What you should do: Once the line holding "Geely Emgrand 2022 4th Gen 1.5L CVT Luxury" is found in the entries below, transcribe exactly every line up to and including the one holding "Apartment, 1 Katil", but leave out the pictures.

Excerpted data:
[Start of section]
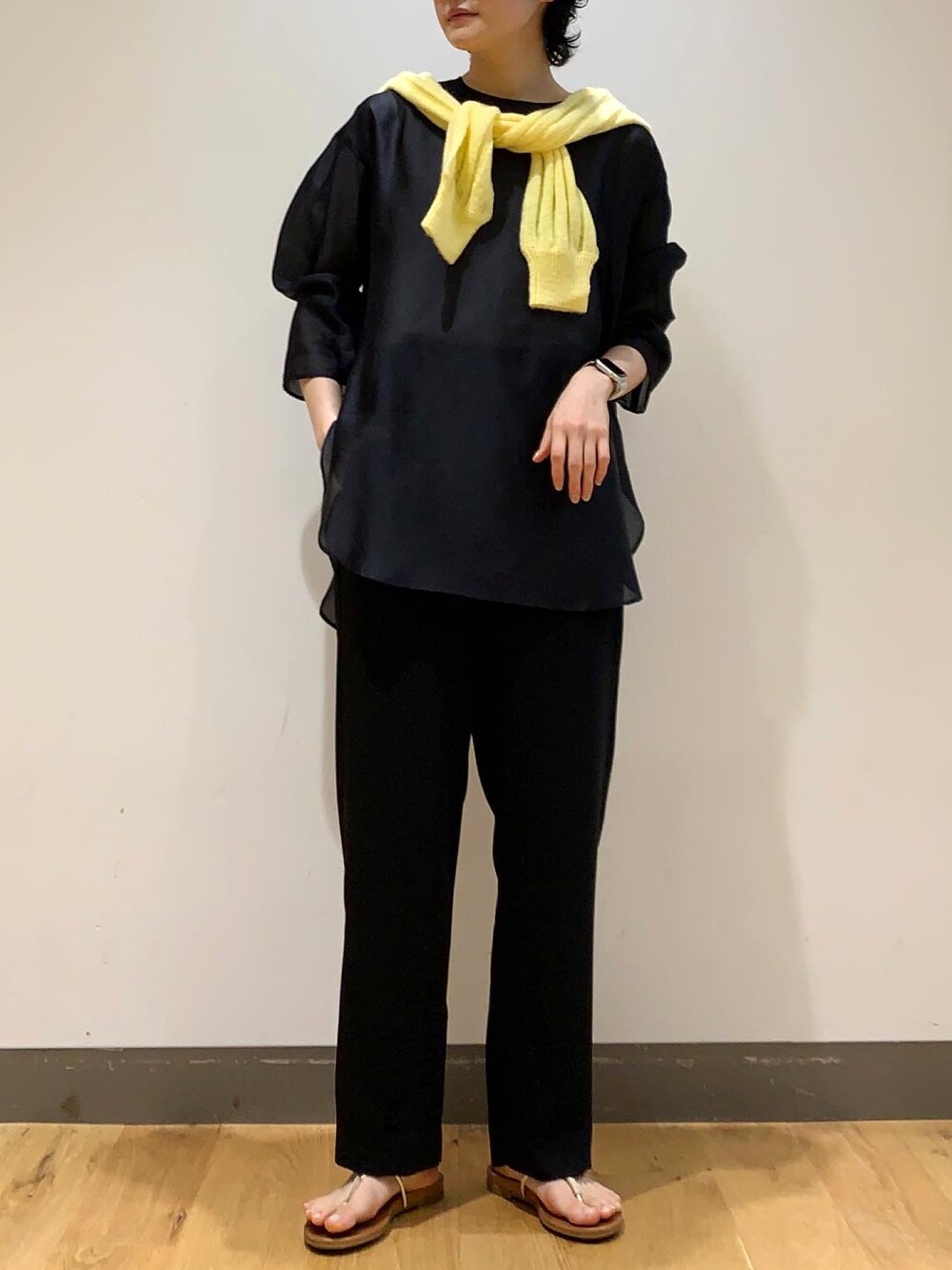 「大人カジュアル、秋カラー、ラクチンコーデ、秋先取りコーデ、シンプルコーデ、秋服準備はじめました」｜「audrey and john wadのAudrey and John Wad　Long Pullover Blouse（シャツ/ブラウス、ブラック系）」を使った、ミヤベさん（レディース・157cm）の夏コーディネートの1枚目の写真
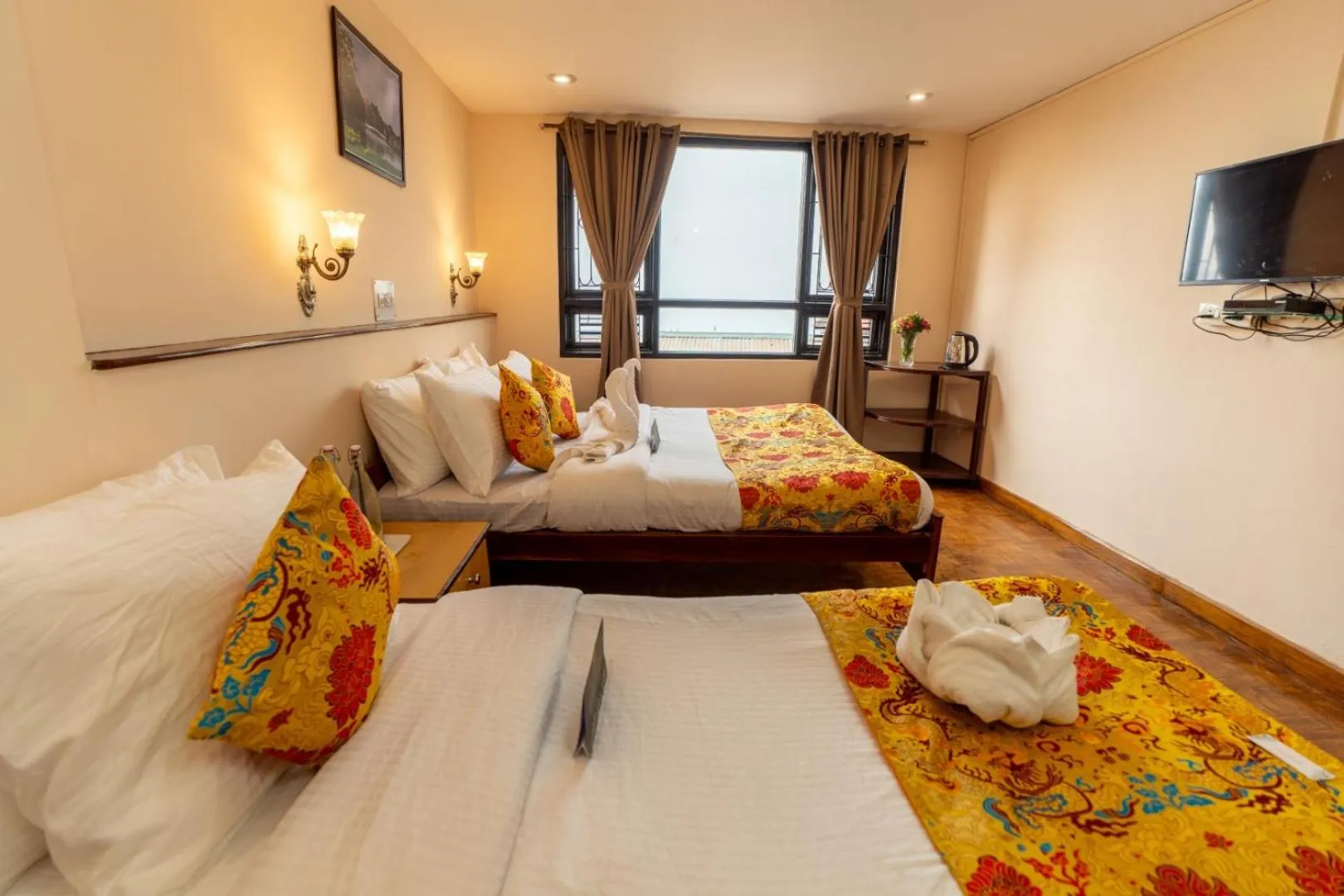 Bed in Muscatel Fairmount 100 Mts from Mall Road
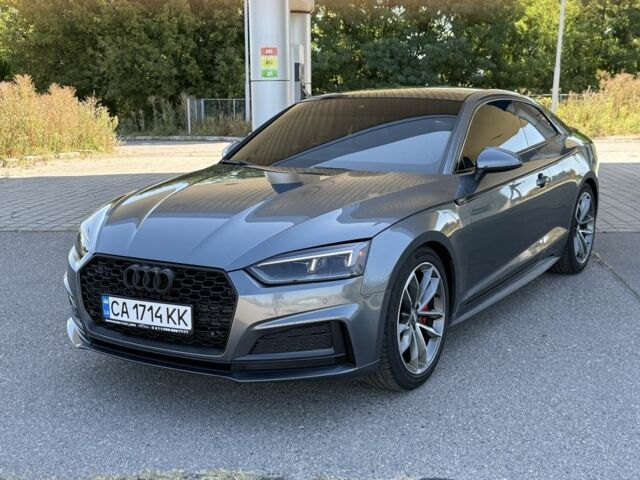 Серый Ауди А5, объемом двигателя 2 л и пробегом 137 тыс. км за 20000 $, фото 1 на Automoto.ua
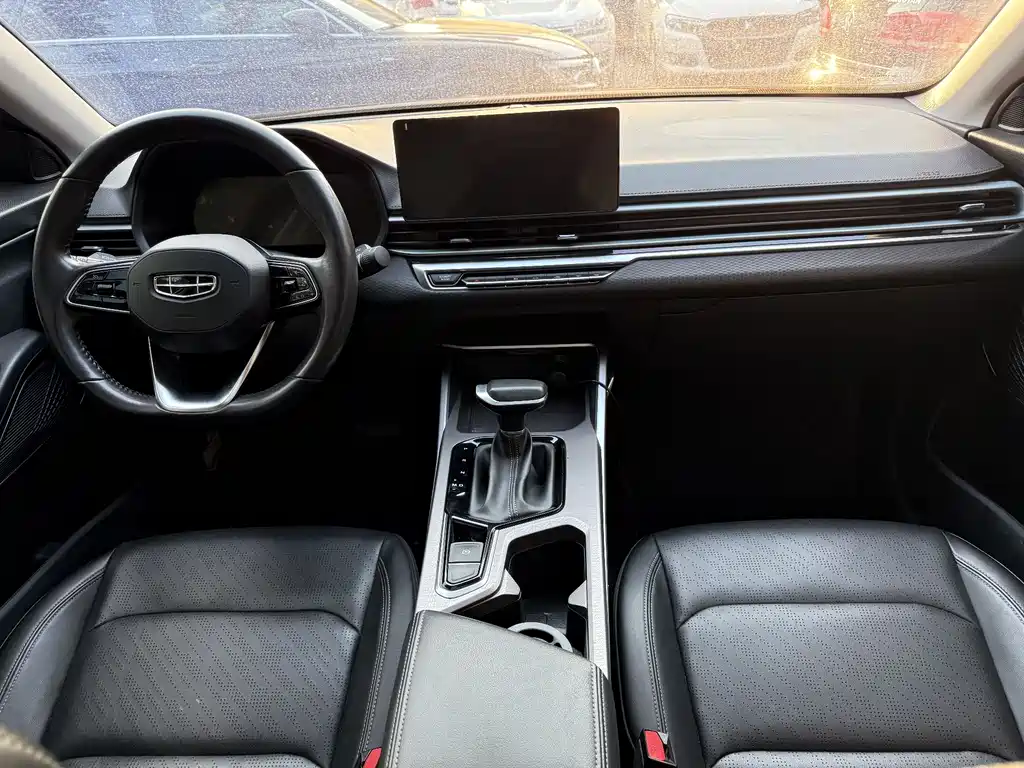 Geely Emgrand 2022 4th Gen 1.5L CVT Luxury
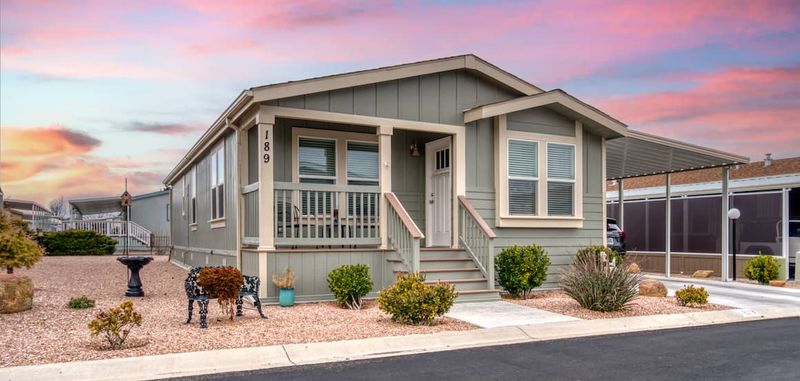 15 Lies About Manufactured (Mobile) Homes - Decor Hint They're Not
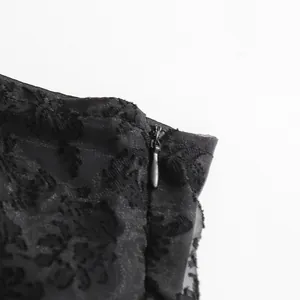 Dettaglio ravvicinato della cerniera invisibile e del tessuto a rete in pizzo jacquard nero.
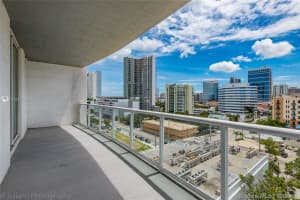 315 NE 3rd Ave, Fort Lauderdale, FL 33301, Sold 02/29/20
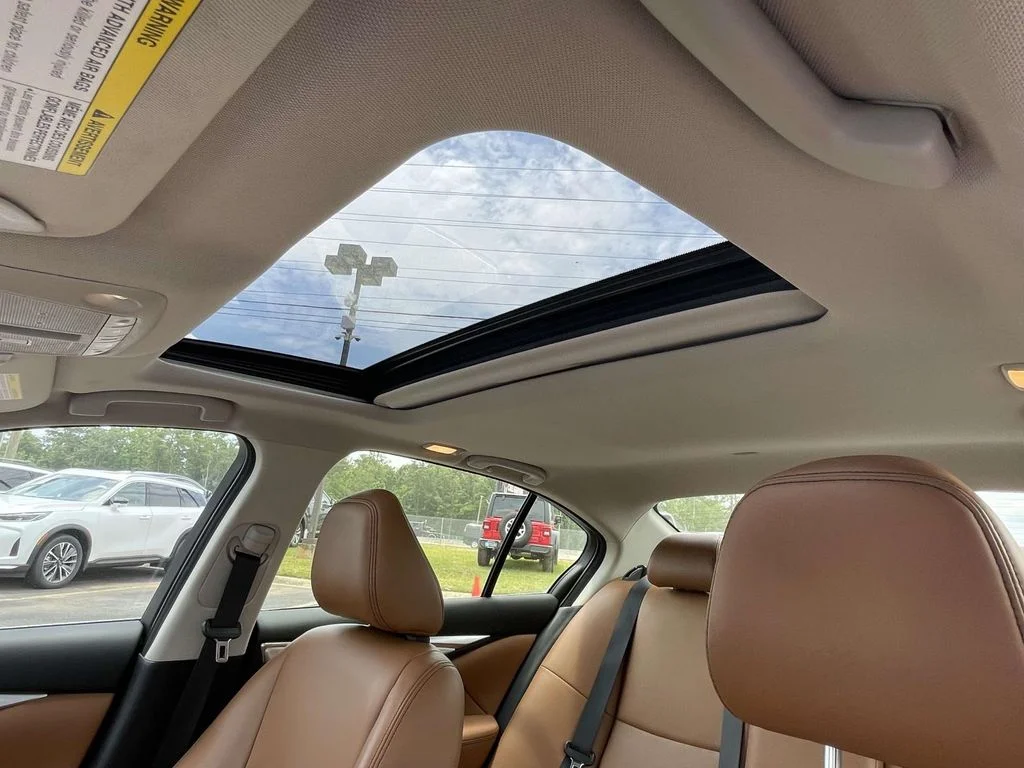 Used 2023 White INFINITI LUXE image 15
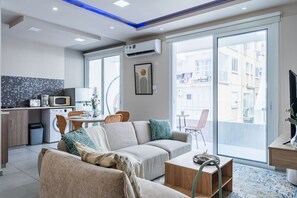 Apartment, 1 Katil Kelamin (Double) dengan Katil Sofa, Kitchenette, Sea View | Ruang tamu | TV Pintar, Netflix, perkhidmatan penstriman 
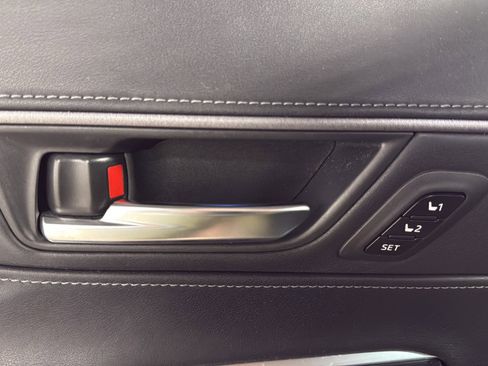 Used 2022 Toyota Venza Limited w/ Advanced Technology Package image 16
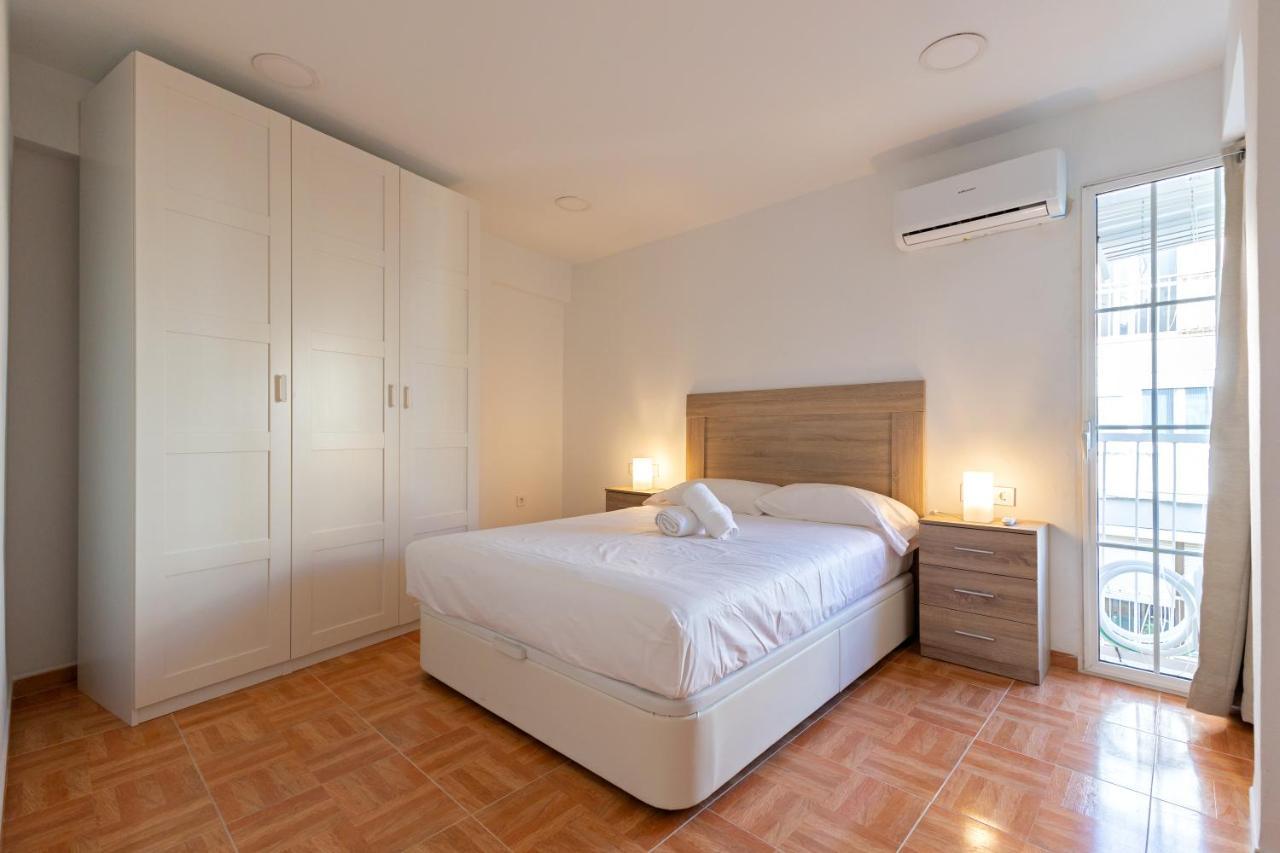 Charming 2 Bedroom Apartment At Triana Center By Oui Seville Sevilha Exterior foto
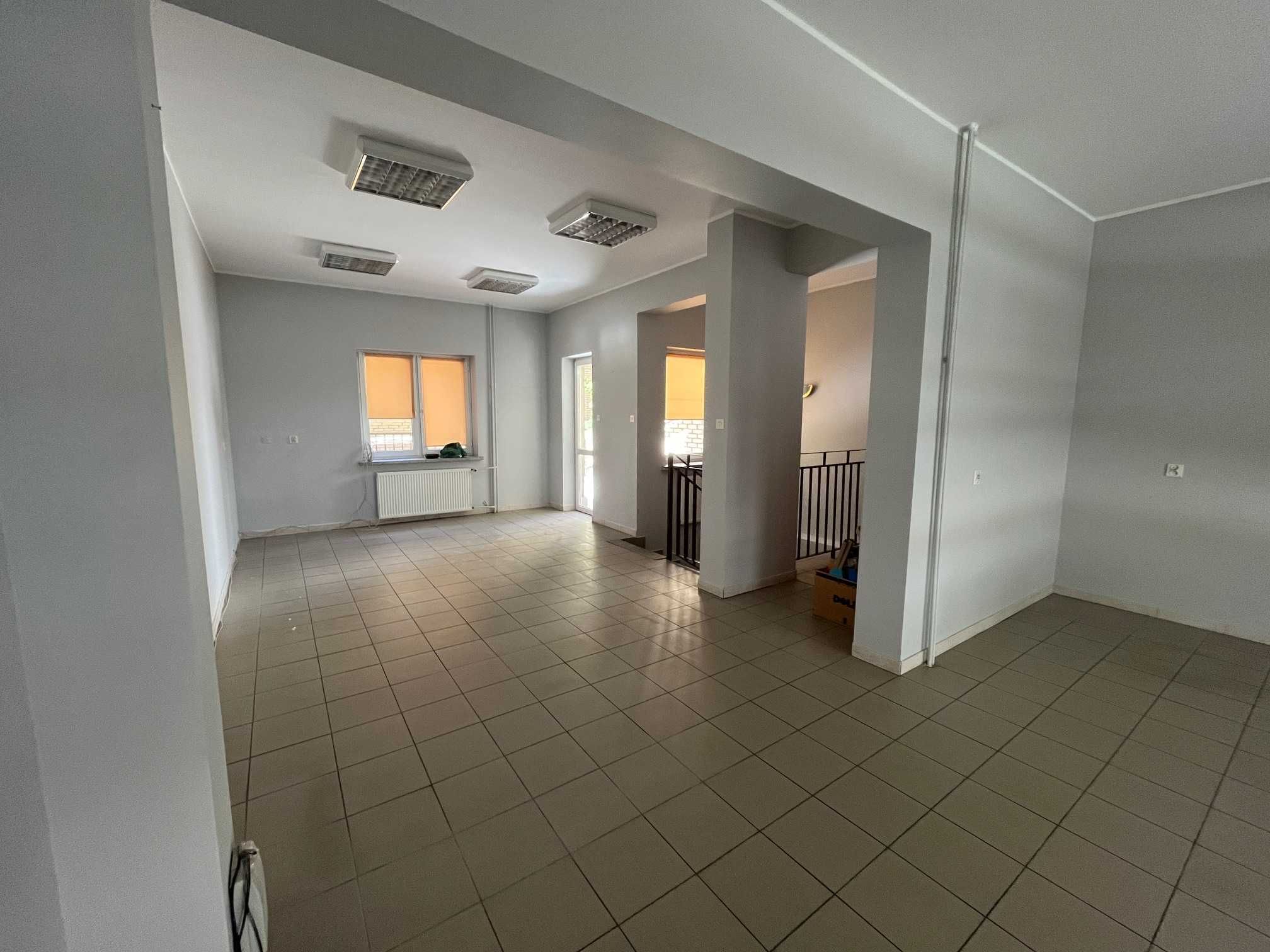 Sprzedam lokal użytkowy, parter z witryną,  101 m2 Warszawska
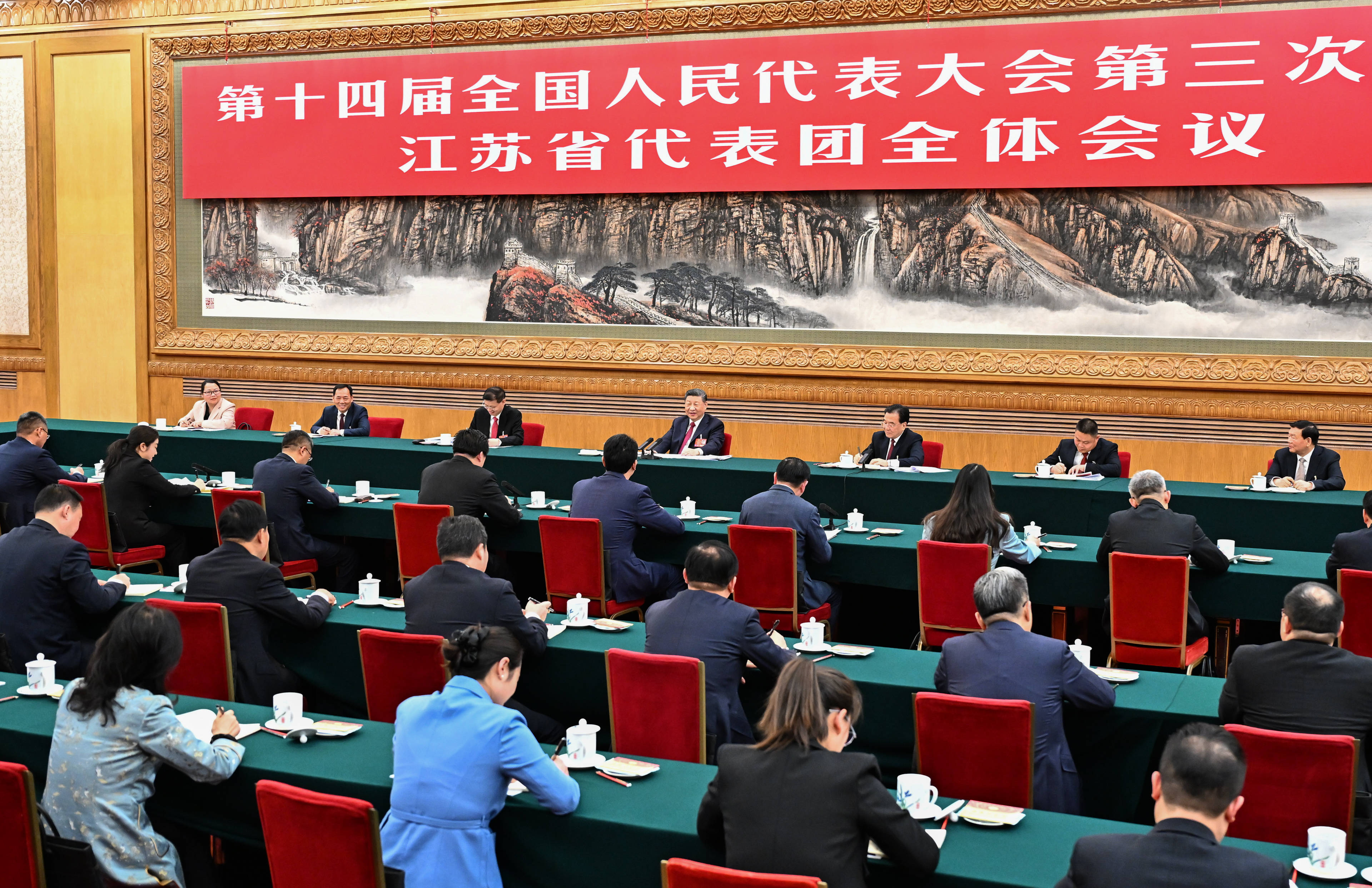 一见·总书记为何关注代表委员通道<strong></p>
<p>虚拟币模拟</strong>？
[End of section]
Output of the task:
 Geely Emgrand 2022 4th Gen 1.5L CVT Luxury
 15 Lies About Manufactured (Mobile) Homes - Decor Hint They're Not
 Dettaglio ravvicinato della cerniera invisibile e del tessuto a rete in pizzo jacquard nero.
 315 NE 3rd Ave, Fort Lauderdale, FL 33301, Sold 02/29/20
 Used 2023 White INFINITI LUXE image 15
 Apartment, 1 Katil Kelamin (Double) dengan Katil Sofa, Kitchenette, Sea View | Ruang tamu | TV Pintar, Netflix, perkhidmatan penstriman 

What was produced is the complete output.